- **Your objective**:
Could you print exactly the lines of the listing below, starting at the line that has "quick win paper" and ending at the line that has "3D американская bully", and only those lines?

- **Recorded information**:
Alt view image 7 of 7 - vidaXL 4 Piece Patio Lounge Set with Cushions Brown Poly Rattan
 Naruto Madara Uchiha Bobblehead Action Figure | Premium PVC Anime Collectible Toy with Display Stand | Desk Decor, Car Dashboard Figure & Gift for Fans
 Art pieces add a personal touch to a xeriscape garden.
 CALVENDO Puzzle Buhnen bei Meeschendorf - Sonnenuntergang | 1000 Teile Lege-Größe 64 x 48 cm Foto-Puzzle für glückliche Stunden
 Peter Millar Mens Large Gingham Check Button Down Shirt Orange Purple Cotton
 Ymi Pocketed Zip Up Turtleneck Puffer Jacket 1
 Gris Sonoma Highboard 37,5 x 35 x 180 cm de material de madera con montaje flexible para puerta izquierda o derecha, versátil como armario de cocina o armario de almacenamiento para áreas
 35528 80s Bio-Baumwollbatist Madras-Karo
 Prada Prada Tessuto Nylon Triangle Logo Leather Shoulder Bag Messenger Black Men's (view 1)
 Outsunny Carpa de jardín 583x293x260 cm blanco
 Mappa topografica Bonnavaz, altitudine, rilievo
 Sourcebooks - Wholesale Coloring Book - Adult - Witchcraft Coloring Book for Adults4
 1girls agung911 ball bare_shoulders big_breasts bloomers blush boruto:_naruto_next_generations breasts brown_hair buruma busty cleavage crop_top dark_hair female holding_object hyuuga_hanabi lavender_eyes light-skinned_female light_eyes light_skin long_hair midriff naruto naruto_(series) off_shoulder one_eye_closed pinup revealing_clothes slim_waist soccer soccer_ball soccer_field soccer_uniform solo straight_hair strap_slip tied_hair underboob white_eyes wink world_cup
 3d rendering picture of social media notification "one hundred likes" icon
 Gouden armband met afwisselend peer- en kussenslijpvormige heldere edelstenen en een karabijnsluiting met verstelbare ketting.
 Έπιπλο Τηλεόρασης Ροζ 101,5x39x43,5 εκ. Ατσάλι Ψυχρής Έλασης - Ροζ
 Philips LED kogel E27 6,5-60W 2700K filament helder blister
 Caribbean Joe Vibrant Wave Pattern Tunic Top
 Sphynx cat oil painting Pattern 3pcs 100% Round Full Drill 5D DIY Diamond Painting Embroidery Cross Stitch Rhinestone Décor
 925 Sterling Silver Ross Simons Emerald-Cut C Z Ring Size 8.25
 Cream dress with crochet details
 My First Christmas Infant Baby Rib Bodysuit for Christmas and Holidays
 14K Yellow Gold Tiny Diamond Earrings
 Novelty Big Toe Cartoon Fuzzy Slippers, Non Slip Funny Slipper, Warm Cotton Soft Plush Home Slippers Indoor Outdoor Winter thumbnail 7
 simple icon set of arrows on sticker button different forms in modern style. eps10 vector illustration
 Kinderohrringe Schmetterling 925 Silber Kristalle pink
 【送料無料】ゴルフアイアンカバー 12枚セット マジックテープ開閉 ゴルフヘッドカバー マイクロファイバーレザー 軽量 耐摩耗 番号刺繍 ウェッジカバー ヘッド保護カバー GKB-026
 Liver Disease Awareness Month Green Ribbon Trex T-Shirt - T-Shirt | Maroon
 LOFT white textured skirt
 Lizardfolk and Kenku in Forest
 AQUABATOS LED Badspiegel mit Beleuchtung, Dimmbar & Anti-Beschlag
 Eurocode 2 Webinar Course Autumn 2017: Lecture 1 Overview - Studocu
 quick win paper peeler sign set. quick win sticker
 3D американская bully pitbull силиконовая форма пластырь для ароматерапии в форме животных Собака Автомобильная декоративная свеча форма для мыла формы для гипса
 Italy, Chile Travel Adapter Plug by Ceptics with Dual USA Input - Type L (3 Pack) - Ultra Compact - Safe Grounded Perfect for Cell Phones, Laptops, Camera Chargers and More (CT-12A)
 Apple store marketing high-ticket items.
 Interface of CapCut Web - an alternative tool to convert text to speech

- **Exercise answer**:
 quick win paper peeler sign set. quick win sticker
 3D американская bully pitbull силиконовая форма пластырь для ароматерапии в форме животных Собака Автомобильная декоративная свеча форма для мыла формы для гипса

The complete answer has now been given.